9. The plaintiff admits that late Sh. S. K. Zaman is the recorded title holder of the suit property and defendants herein are the natural legal heirs of late Sh. S. K. Zaman and thus the property has devolved on the defendants.

10. In the captioned suit filed in April, 2024, the plaintiff has alleged that the plaintiff took possession of the suit property around January, 2007. However, in I.A. 38668/2024 filed on 24.08.2024 for impleadment in CS (OS) 113/2023 titled as ‘Jairaj Developers LLP v. Fauzia Sultana & Anr.’ the plaintiff herein has categorically asserted that he gained possession in the year 2015. The inconsistent stand in regards to the possession of the suit property taken by the plaintiff in both the pleadings are quoted hereinbelow: CS(OS) 608/2024 I.A. 38668/2024 in CS (OS) 113/2024

4. Mr. Zaman assured the plaintiff to repay the loan amount within 2 months but failed to repay the loan amount thereafter the plaintiff took possession of the suit property around January 2007 and since then the plaintiff has had possession over the suit property.

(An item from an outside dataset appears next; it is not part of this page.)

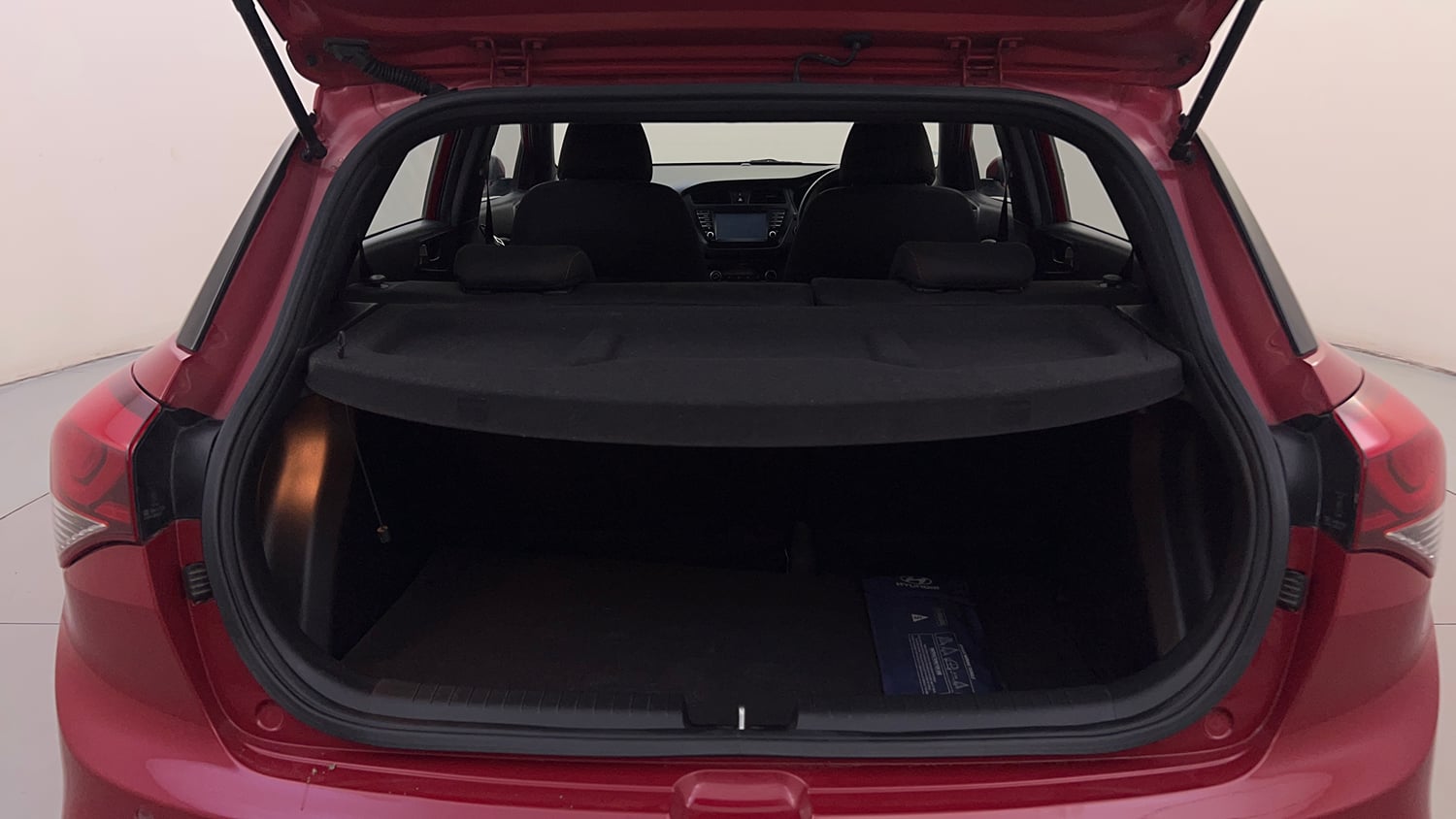 Used 2016 Hyundai i20 Active 1.2 SX Petrol Manual interior DICKY INSIDE VIEW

5. After taking possession of the suit property, the plaintiff represented himself as the owner of the suit property and also published an advertisement in the yellow page magazine "The Winner" and daily newspaper to sell the suit property. Therefore, the plaintiff has had peaceful, open and continuous possession of the suit property for around 17 years.

11. That the applicant respectfully submits that he has been in possession of the suit property ever since 2015 to the full knowledge of the parties to the suit as he has been put in possession by late Mr. S. K. Zaman in conscious contemplation of discharging his legal obligations as recorded in the MOU dated 16.07.2012 (the original copy of which is on record as basis of claim in O.M.P. (I) (COMM) No. 290 of 2019). (Emphasis Supplied)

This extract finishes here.